Entró en calor ahí y siguieron los golpes: “He hecho más en 47 meses que tú en 47 años”. Trump defendió su economía, el recorte de impuestos, su política con China (“te comió el almuerzo, Biden”), el mensaje de “ley y orden”, el entendimiento tradicional de los valores constitucionales en lugar de la culpabilidad nacional necesitada de redención de la que hablan los demócratas. Cuando habló de impuestos o de limpiar los bosques, o de coches, o del precio de la energía no hubo acritud en Trump. No la hay. Es relajado, poco enfático.
 

Los momentos críticos no eran esos, sin embargo. Sabemos dónde estaban, y ahí resistió berroqueño. A Trump se le pedía que condenara el Supremacismo Blanco, y se negó, y Biden se negó a referirse claramente a la ley y el orden y al cumplimiento de la ley, bazas nixonianas evidentes para Trump. En esas dos negaciones tan distintas, o en ese mutuo rehusar, se intuye la radical división política de ese país.

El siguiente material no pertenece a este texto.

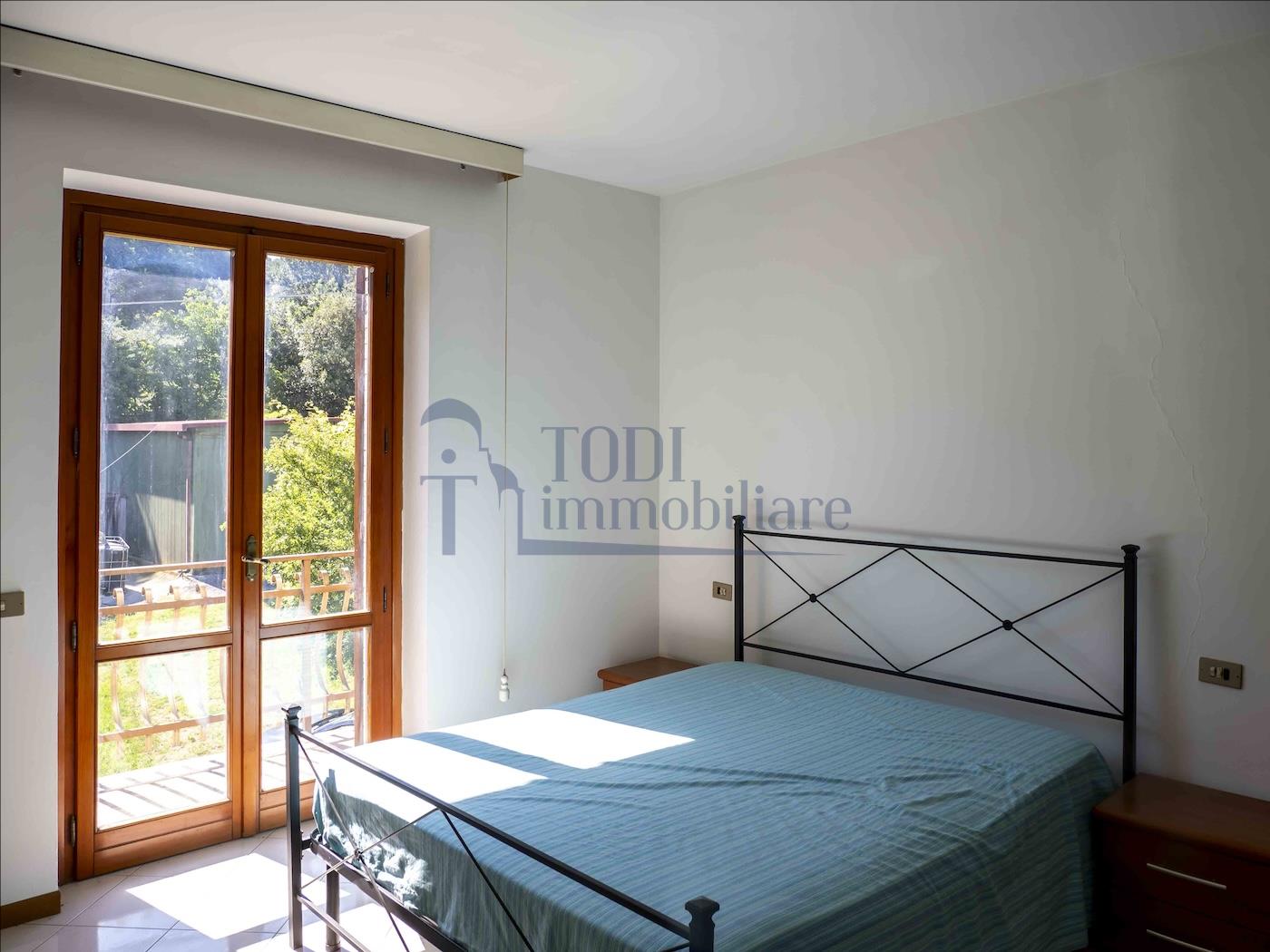 Appartamento con piccolo giardino - Todi Immobiliare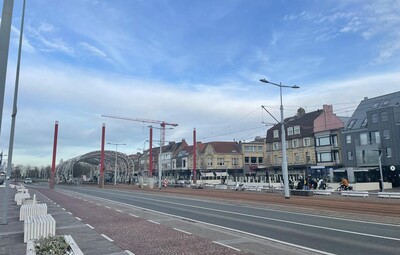 Werken aan overkapping tramhalte Kaai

Habrá muchas quejas sobre el debate, demasiado poca cosa para el paladar “Ala Oeste de la Casa Blanca”, pero no sé si serán del todo justas. Trump era… ¿qué era? La antipolítica, el populismo, el antiobama… Y Biden es, lo dijo Trump, el peor candidato en la historia. (“Si pierdo, no puedo volver, no puedo volver a hablar”). Lo que surgiese de ahí no podía satisfacer el oído acostumbrado a cierta retórica. La música, los yambos neoclásicos. Es curioso, Biden miente tanto que Trump ya parece tener una relación más fresca y sana con los “hechos”.
 

Al final hubo un fuerte intercambio que pareció pugilístico. Biden sacó a su hijo para recordar que, supuestamente, Trump llamó “perdedores” a los militares; golpe bajo, pellizco en los testículos; y el presidente reaccionó poniendo en el debate el escandaloso enriquecimiento del hijo durante la carrera del padre. Pum, pam, crac (¿cómo estaría Trump con un calzón satinado de boxeador?). Ahí, en ese golpe, estaba atacando un nudo fundamental: los manejos de las élites en el contexto político e internacional de los neocons… Pero ese es el marco de las preguntas que le hacen: el consenso neocon-liberal derivando hacia los nuevos territorios de la izquierda. Él se salió de uno, llegó para combatirlo y se encuentra también con el otro, heredero, hijo adulterino de aquel consenso y el postmarxismo universitario.
 

Fue duro y cruento ese diálogo, no sonó edificante. Dos señores mayores en una posición poco lincolniana (aunque el que insultó fue Biden). Pero era dinamita, y no fue menor el del final sobre las elecciones y la “Transición”.
 

-¿Transición? ¿Y lo que me han hecho a mí desde antes de ganar Hillary y los otros?
 

Trump lanzó su mensaje poderoso: la gente tiene que ver lo que va a pasar, tiene que vigilar. Los medios dirán, en resumen, que no condenó el supremacismo y que no garantizó una transición pacífica. Pero no fue exactamente así. Trump niega una y otra vez, con una fuerza y resistencia asombrosas, los conceptos en los que le pretenden encerrar.
 

El problema de la violencia izquierdista y la división racial azuzada por Obama le acaba volviendo a él como un problema de “supremacismo” (convertido en amenaza terrorista y psicopática y conectado con el “racismo sistémico”). Trump no les da ese placer. Y cuando tocó hablar del futuro, el posible fraude electoral, la transición y la aceptación de los resultados, avisó: hay que vigilar. Esto puede acabar mal, vino a decir.
 

El debate pobre, intelectualmente raquítico, casi morón, carente de cualquier apelación espiritual o conciliadora, reflejó una polaridad absoluta y la certeza de dura resistencia de Trump. Dirán que no estuvo como con Hillary, pero su posición es otra y se enfrenta a una ideología que son dos: el consenso de los Bush, McCain, Clinton, y sus instituciones e infiltraciones, de los que Biden viene a ser casi un espectral delegado, y una nueva izquierda radical, ideológica, divisiva que será Harris y que estuvo en el fondo ideológico de las preguntas del moderador (¡Climate Change! ¡Climate change!). Todas las bolas que le lanzó Wallace estaban envenenadas en la trayectoria y en la intención, marcadas por el ángulo insidioso de esas ideologías.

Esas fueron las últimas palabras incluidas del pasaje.